What this task involves: If pictures are present, leave them out, and copy the data word for word.
[Opening Source material section]
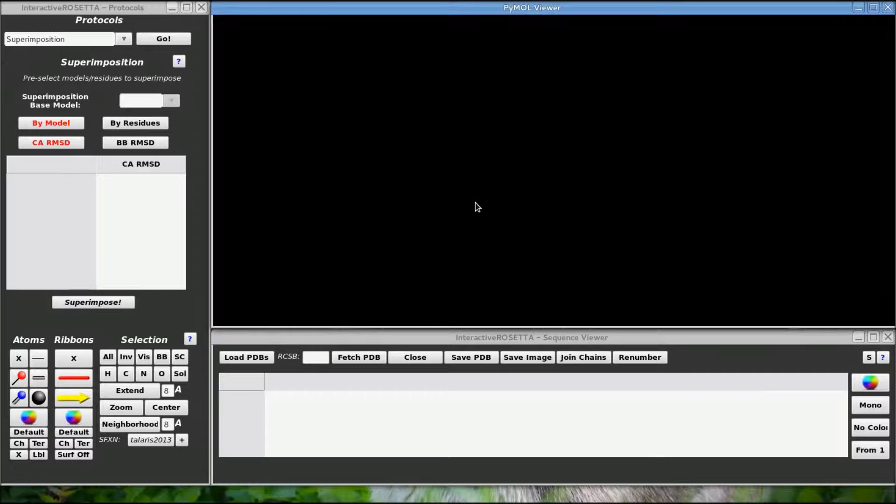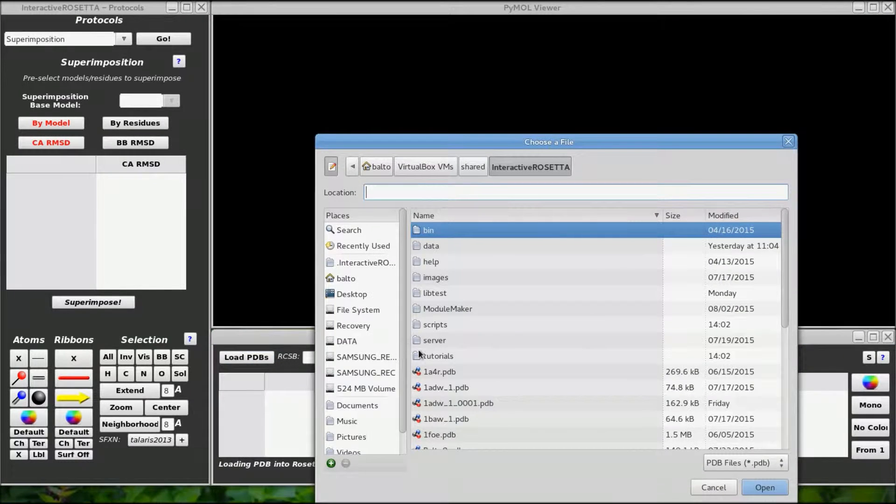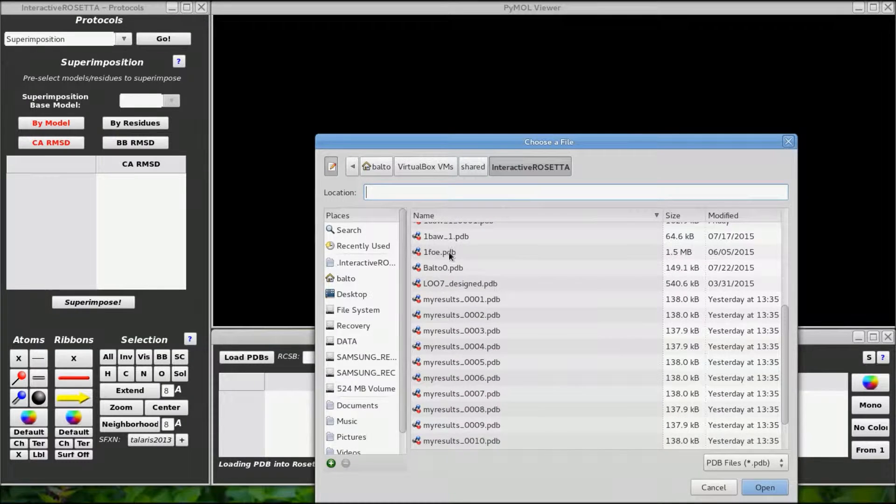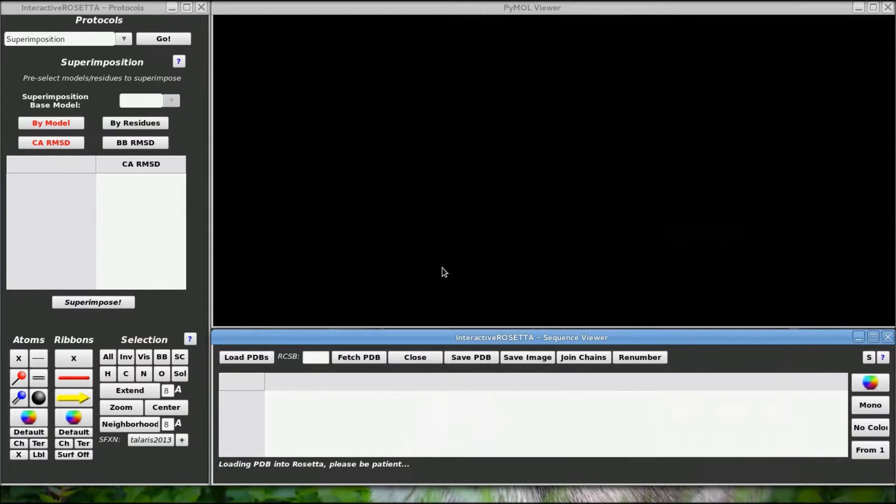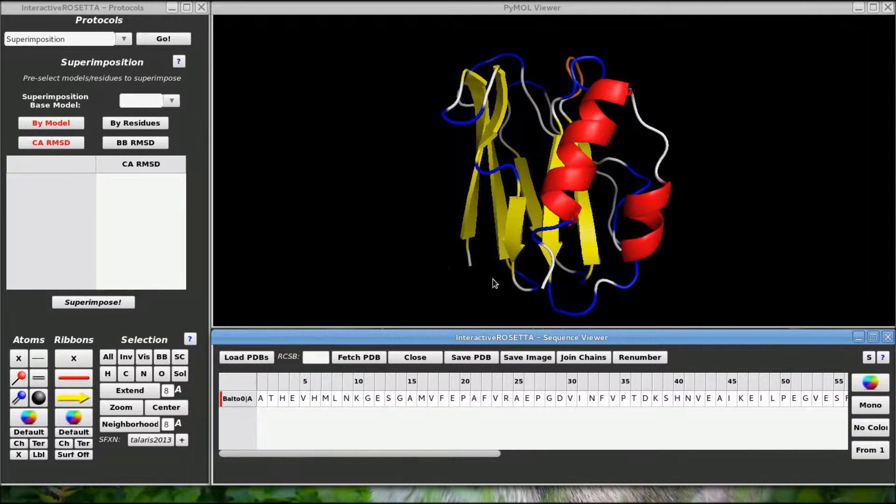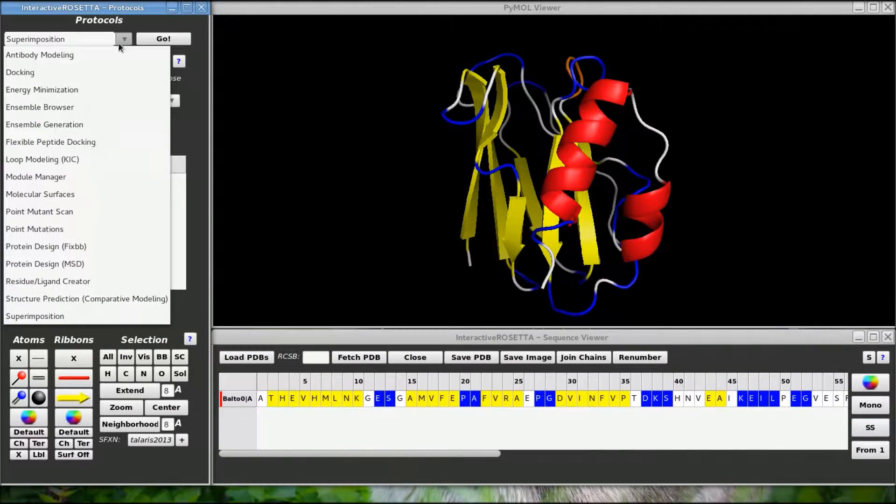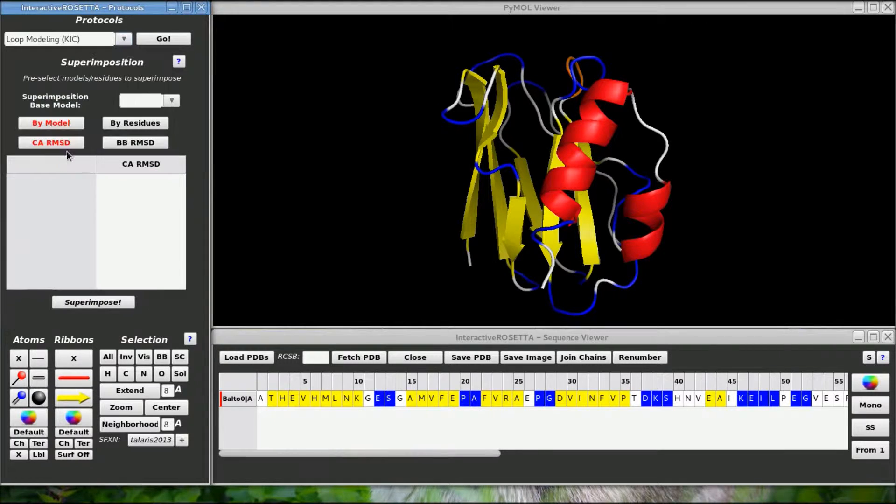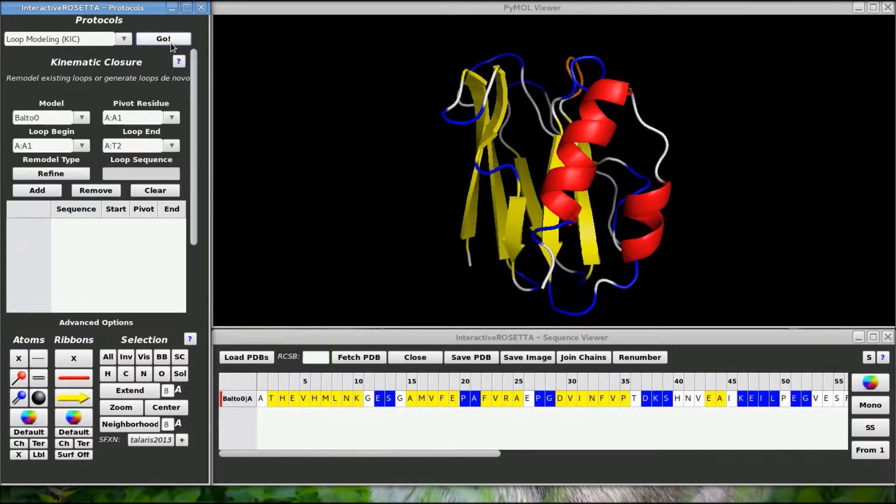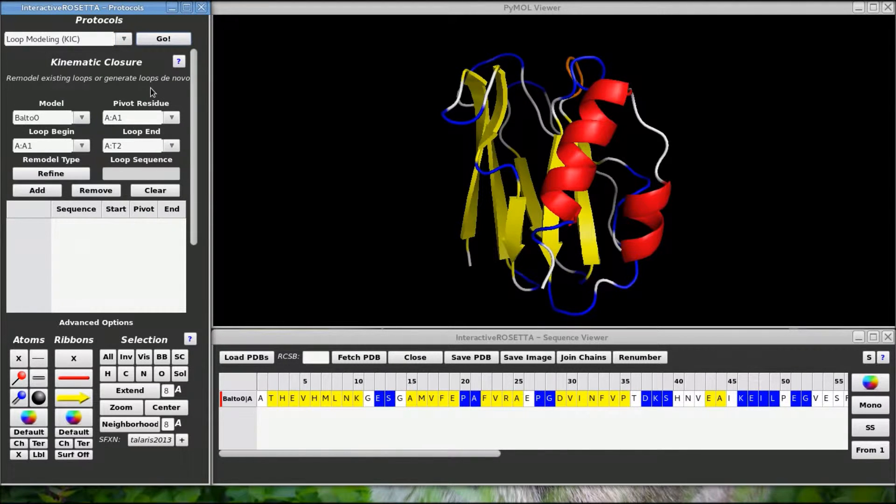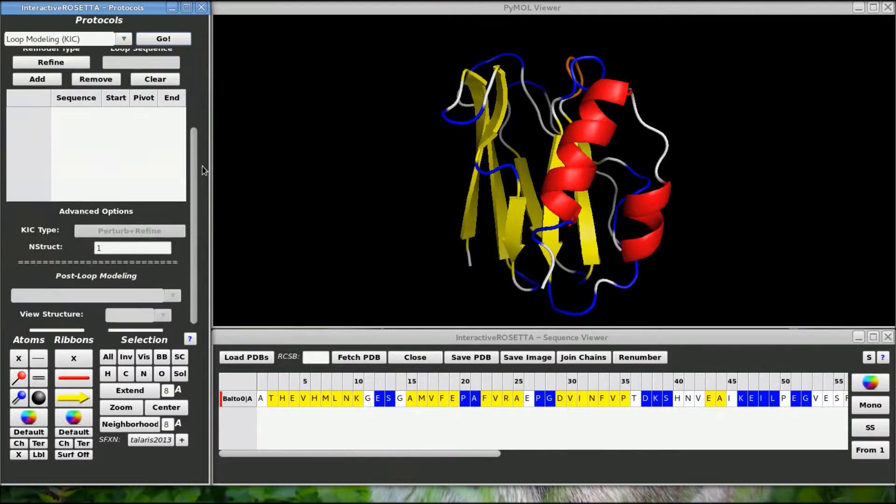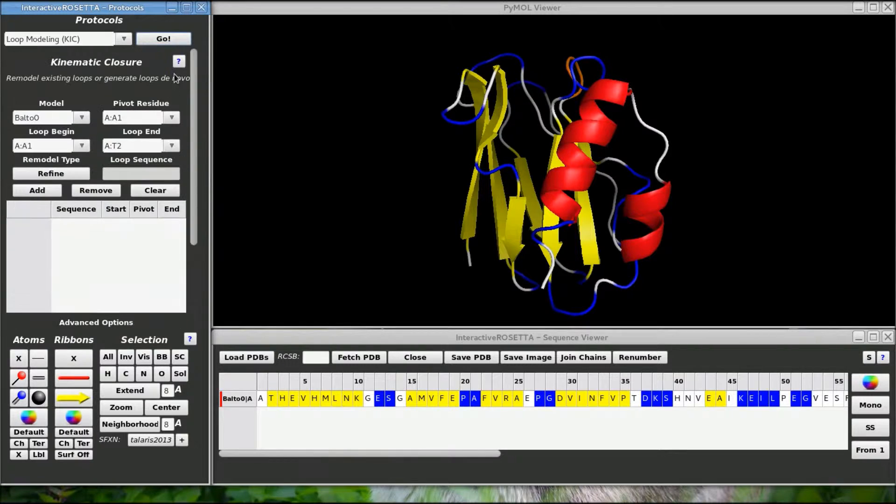I will be using the standard demonstration protein for this tutorial, so let me go and load a copy of it first. Now we can go over to the loop modeling KICK protocol in the menu and take a look at the controls. There are not too many controls, so it should not take too long to set up a KICK job.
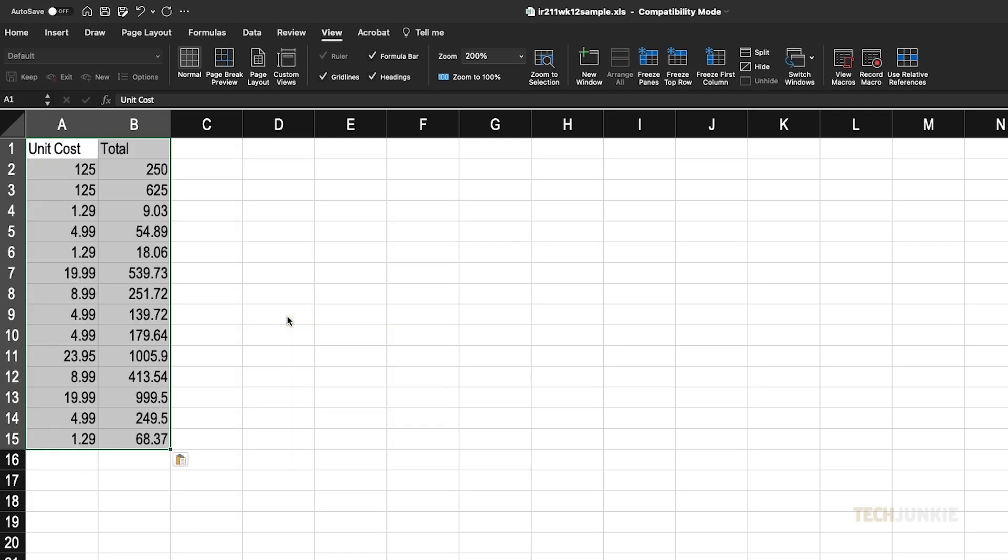Excel will then paste in your data values. Note that your values will be formatted according to your destination cells formatting. If you need to paste in the values exactly as you saw them, you'll need to paste in their formatting.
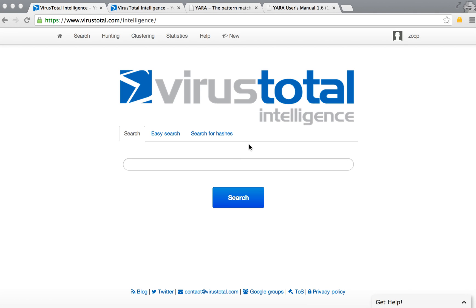Hello, this is Carl at VirusTotal. In this video I'm going to show you a little bit about the hunting features in VirusTotal Intelligence.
[Closing Source material section]
Response area:
I will be using the standard demonstration protein for this tutorial, so let me go and load a copy of it first. Now we can go over to the loop modeling KICK protocol in the menu and take a look at the controls. There are not too many controls, so it should not take too long to set up a KICK job.
Excel will then paste in your data values. Note that your values will be formatted according to your destination cells formatting. If you need to paste in the values exactly as you saw them, you'll need to paste in their formatting.
Hello, this is Carl at VirusTotal. In this video I'm going to show you a little bit about the hunting features in VirusTotal Intelligence.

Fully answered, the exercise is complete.